SOURCE RECORDS:
##############################

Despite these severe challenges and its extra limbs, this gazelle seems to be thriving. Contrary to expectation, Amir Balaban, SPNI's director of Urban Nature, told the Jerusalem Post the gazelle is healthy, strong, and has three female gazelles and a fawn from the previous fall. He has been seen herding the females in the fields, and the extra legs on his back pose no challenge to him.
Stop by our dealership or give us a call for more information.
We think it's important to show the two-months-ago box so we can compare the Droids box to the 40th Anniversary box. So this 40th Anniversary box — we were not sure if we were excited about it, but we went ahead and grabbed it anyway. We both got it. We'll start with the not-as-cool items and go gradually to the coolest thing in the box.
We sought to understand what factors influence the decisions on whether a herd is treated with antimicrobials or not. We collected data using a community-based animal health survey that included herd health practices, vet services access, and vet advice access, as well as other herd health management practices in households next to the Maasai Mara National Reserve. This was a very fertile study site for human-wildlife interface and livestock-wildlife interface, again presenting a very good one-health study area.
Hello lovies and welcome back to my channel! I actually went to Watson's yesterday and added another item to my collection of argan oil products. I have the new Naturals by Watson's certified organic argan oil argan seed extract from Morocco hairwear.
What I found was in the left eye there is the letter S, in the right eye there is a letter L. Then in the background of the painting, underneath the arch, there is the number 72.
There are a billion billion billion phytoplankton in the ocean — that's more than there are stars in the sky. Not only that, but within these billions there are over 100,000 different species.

##############################

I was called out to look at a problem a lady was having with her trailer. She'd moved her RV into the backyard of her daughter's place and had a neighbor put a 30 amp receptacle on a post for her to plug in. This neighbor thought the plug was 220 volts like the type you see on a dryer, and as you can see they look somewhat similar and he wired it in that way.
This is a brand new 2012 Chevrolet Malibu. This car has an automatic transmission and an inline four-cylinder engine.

##############################

WHAT YOU ARE ASKED TO DO: Reproduce the lines above, beginning at the line with "Stop by our" and stopping after the line with "We think it's", exactly as they are.

TASK RESULT:
Stop by our dealership or give us a call for more information.
We think it's important to show the two-months-ago box so we can compare the Droids box to the 40th Anniversary box. So this 40th Anniversary box — we were not sure if we were excited about it, but we went ahead and grabbed it anyway. We both got it. We'll start with the not-as-cool items and go gradually to the coolest thing in the box.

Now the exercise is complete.